[SOURCE DATA]
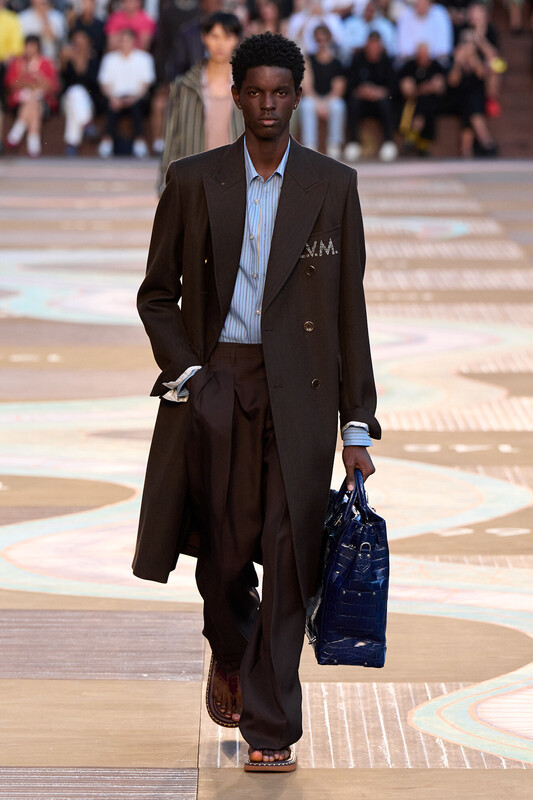 Louis Vuitton весна-лето 2026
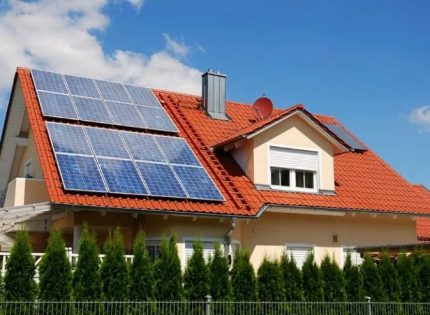 Panneaux solaires à toit incliné Système solaire sur le toit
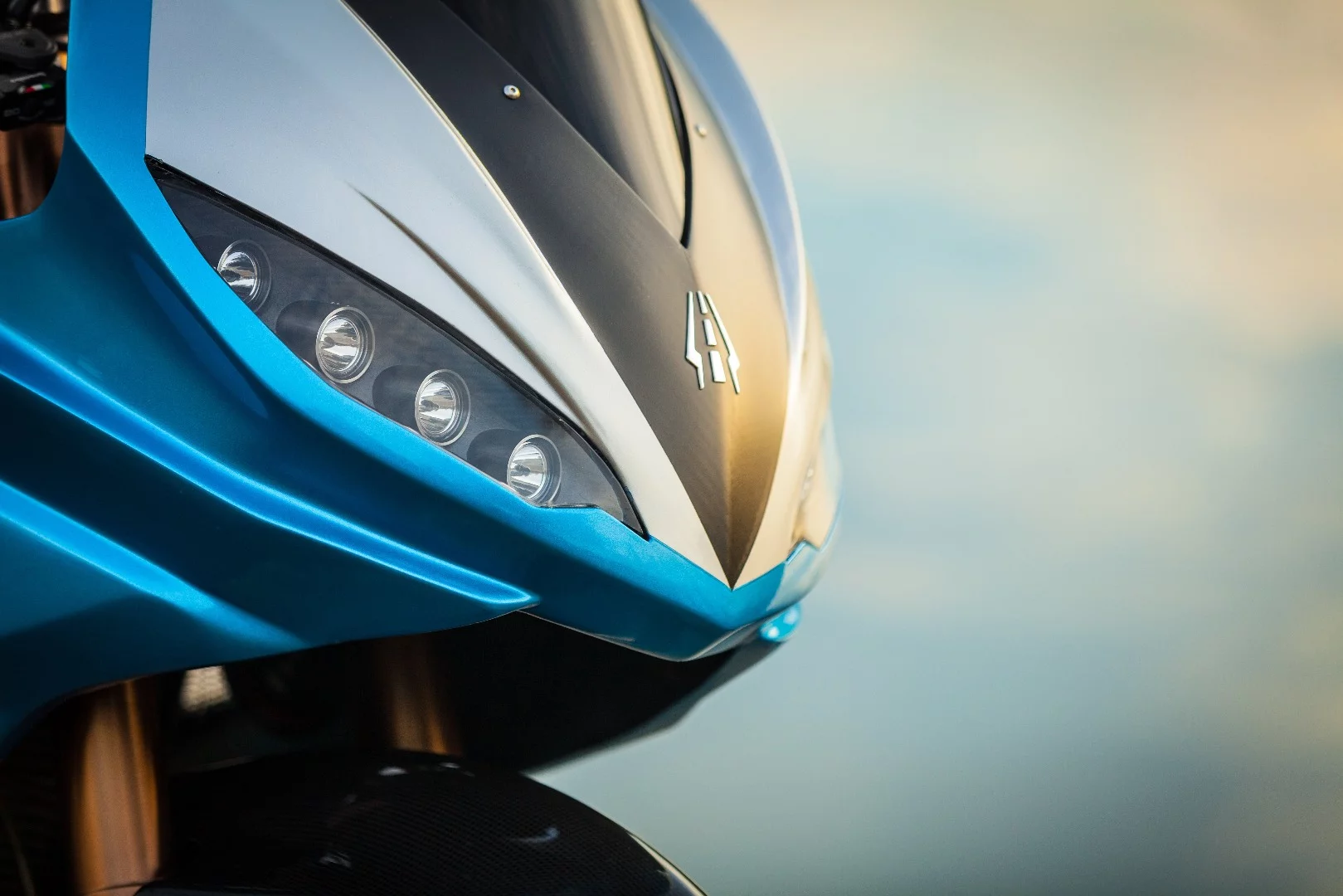 Lightning LS-218: mean-looking headlights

[EXERCISE GOAL] Exactly as written, restate the listing above with its pictures omitted.

[TASK ANSWER]
 Louis Vuitton весна-лето 2026
 Panneaux solaires à toit incliné Système solaire sur le toit
 Lightning LS-218: mean-looking headlights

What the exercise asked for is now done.